[DATASET RECORDS]

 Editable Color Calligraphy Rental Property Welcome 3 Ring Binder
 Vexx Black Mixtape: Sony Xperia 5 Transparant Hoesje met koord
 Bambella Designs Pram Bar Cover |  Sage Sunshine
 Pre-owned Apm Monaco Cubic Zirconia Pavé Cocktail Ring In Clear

[/DATASET RECORDS]
[DATASET RECORDS]

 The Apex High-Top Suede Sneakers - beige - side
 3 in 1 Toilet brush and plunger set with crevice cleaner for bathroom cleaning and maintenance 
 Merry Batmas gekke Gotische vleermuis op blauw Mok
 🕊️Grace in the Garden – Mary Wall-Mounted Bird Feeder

[/DATASET RECORDS]

WHAT IS NEEDED
From the material above, retype precisely the lines between the line holding "Merry Batmas gekke" and the line holding "Wall-Mounted Bird Feeder", inclusive, and nothing beyond them.

EXPECTED OUTPUT
 Merry Batmas gekke Gotische vleermuis op blauw Mok
 🕊️Grace in the Garden – Mary Wall-Mounted Bird Feeder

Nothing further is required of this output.